Y a veces la pescadilla del producto se muerde la cola. Sin que te lo esperes un día tal artículo cambia de imagen y sensaciones y repite formas del pasado poniendo de moda lo que hace tiempo dejó de serlo. A veces lo más retro es lo más in. Si quieres estar a la última saca el refajo de la abuela o la camisa sin cuello y con remiendos de tu tío, el soltero, que estaba arrinconada todavía en el armario de la casa del pueblo. Hace unos días estaba una pareja joven a la puerta de La Purísima esperando la llegada de los novios para la boda; ella a la última con su vestido largo de diseño atrevido y él con un pantalón caído, con una gran culera descolorida, esfolijonado en la parte de abajo y con los bordes de los bolsillos raídos. Y de pana gruesa, aunque hacía calor. Pues vale. Porque vale todo y convive la rabiosa y casi imposible novedad de lo último y lo más viejo que se encuentre en el último rincón. En realidad es el mismo fenómeno humano.

Y aquí podría entrar la devaluación de todo a ras de nada. Que todo da igual y que además es de usar y de tirar. Y ya no es el pantalón ni siquiera el coche. Es la vida y sus valores; es la historia y su memoria y es el futuro y la trascendencia que lo envuelve. Todo es soluble, líquido, evanescente y venal. Nada es nuevo ni viejo, todo se hace y todo se tira. A voluntad del usuario de la vida. Y eso se hace (¡los puntos limpios!) con el frigorífico y con la fe, con la tostadera y el matrimonio, con el escurreplatos y el trabajo bien hecho, con la báscula y la misericordia… Y se hace cada día con las herramientas domésticas caducadas y también, casi con la misma ligereza, con las herramientas de la vida, los valores de la persona, sus fidelidades y su sentido. Se parece a aquello de aquél que tiró al niño con la bañera!

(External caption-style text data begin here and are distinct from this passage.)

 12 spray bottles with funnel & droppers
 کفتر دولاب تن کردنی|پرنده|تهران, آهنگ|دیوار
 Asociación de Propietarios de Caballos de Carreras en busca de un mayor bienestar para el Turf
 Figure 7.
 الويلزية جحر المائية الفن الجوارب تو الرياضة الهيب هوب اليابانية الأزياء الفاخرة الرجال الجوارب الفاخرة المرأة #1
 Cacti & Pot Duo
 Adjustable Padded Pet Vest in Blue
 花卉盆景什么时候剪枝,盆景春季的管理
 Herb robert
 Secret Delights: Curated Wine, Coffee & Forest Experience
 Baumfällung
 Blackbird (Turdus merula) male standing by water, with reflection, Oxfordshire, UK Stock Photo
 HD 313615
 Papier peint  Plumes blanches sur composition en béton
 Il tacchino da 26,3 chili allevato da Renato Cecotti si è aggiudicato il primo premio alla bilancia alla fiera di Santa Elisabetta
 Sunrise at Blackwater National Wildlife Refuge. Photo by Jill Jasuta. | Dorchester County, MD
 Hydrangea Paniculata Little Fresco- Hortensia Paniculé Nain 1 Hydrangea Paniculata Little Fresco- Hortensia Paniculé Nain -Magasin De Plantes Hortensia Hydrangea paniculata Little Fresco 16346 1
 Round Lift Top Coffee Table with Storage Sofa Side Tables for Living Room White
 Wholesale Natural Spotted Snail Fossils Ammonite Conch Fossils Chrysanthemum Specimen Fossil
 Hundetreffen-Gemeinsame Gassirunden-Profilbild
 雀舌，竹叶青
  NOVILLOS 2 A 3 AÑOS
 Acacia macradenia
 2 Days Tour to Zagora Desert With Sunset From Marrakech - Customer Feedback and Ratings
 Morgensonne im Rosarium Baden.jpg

Y aquí podría entrar, por el lado contrario, el decrecimiento. Es la resistencia ante el consumo rebajando gastos, evitando los desperdicios a destiempo y fijando unos criterios de austeridad razonada en todos los capítulos de la vida. Es valorar las cosas adecuadamente por su valor de uso, no por su valor de cambio, sin desperdiciarlas o abusar de ellas. En resumen, reducir, reutilizar y reciclar. Por este orden. Y eso no sólo con “las cosas”, sino también con los valores y fundamentos de la vida.